La línea es difusa porque las vidas reales rara vez se clasifican con limpieza en las dos casillas. Un campesino expulsado de su tierra por una sequía agravada por el cambio climático, luego por el colapso de la economía local, luego por la violencia que ese colapso económico engendra, huye para sobrevivir y busca oportunidad a la vez, y la ley no se diseñó para él. Estos grandes movimientos internacionales, voluntarios y forzados por igual, viajan por un puñado de corredores muy transitados que los geógrafos agrupan por región: los flujos norteamericanos hacia Estados Unidos y Canadá, el movimiento intraeuropeo dentro del continente, la migración laboral hacia los Estados ricos en petróleo del Golfo, los inmensos corredores Sur-Sur entre países en desarrollo que es fácil pasar por alto, y los flujos de desplazamiento forzado que irradian de las zonas de guerra actuales.
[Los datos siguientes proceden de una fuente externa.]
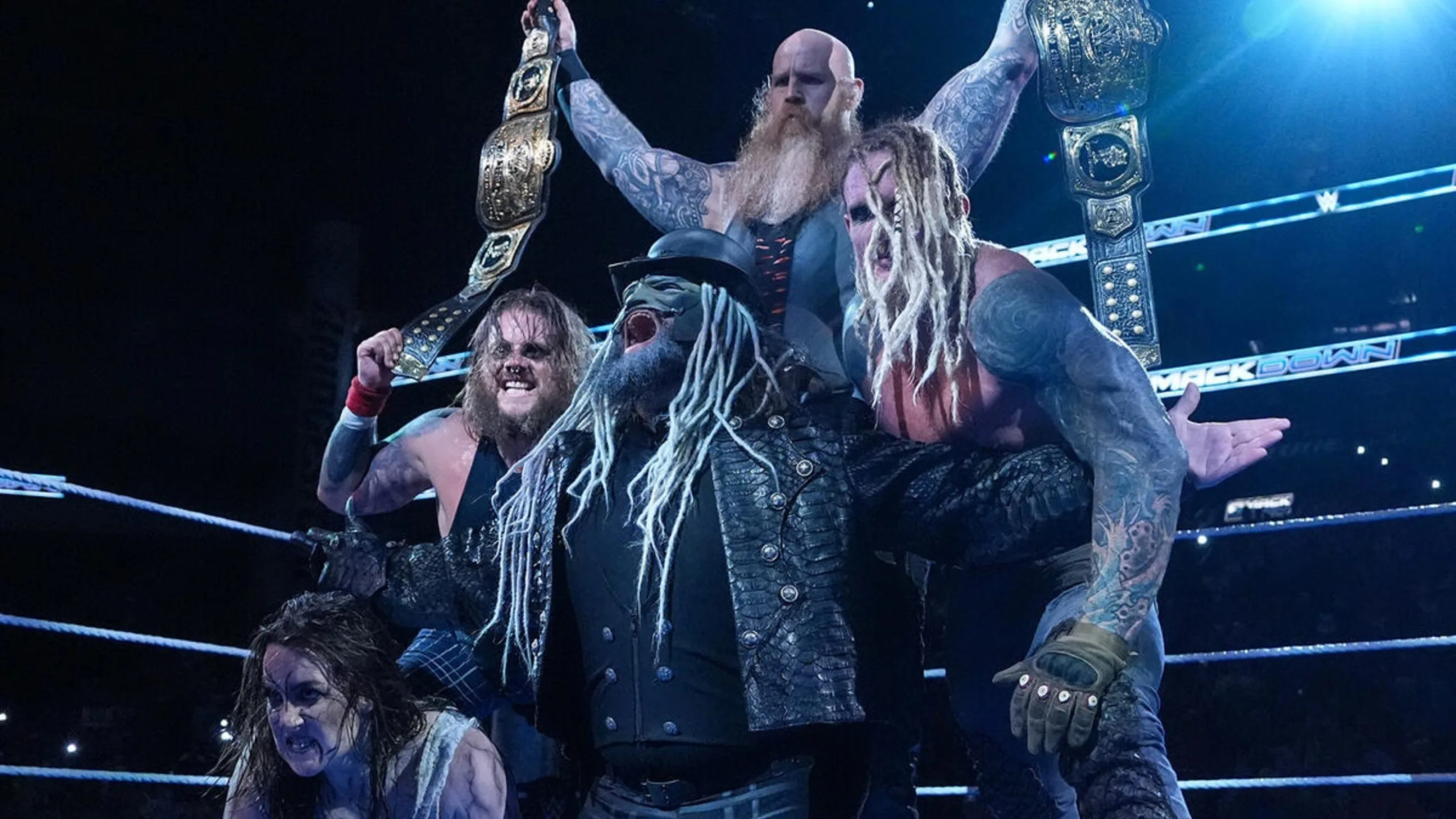 Бивша WWE звезда е новият шампион на GCW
El mapa de la migración, al final, es un mapa de flechas más que de fronteras, y aprender a leerlo es aprender a ver a la humanidad en movimiento.

Ideas clave

La migración, un cambio permanente o semipermanente de residencia a través de una frontera significativa, se convirtió en un objeto de estudio cuando Ernst Georg Ravenstein trazó flechas sobre el censo británico de 1881 y publicó sus Laws of Migration en 1885, un marco refinado por Everett Lee en 1966 en cuatro familias de factores: factores de empuje en el origen, factores de atracción en el destino, obstáculos intervinientes como la distancia y los visados, y factores personales que explican por qué personas que enfrentan las mismas condiciones eligen de forma distinta. La escala contemporánea es grande pero no sin precedentes, con la ONU contando 281 millones de migrantes internacionales en 2020, la Agencia de la ONU para los Refugiados registrando unos 117 millones de personas desplazadas por la fuerza a mediados de 2024 en el decimotercer año seguido de aumento, y el Banco Mundial midiendo unos 857 mil millones de dólares en remesas que regresaban por los corredores en 2023. La línea, legalmente decisiva pero prácticamente difusa, entre los migrantes voluntarios que buscan oportunidad y los migrantes forzados protegidos por la Convención sobre el Estatuto de los Refugiados de 1951 moldea el destino de millones; sin embargo, el hecho más importante y menos comprendido sigue siendo que la mayor parte del movimiento humano nunca cruza una frontera internacional, sino que fluye internamente del campo a la ciudad, como dejan claro los aproximadamente 290 millones de migrantes internos de China y los 450 millones de la India.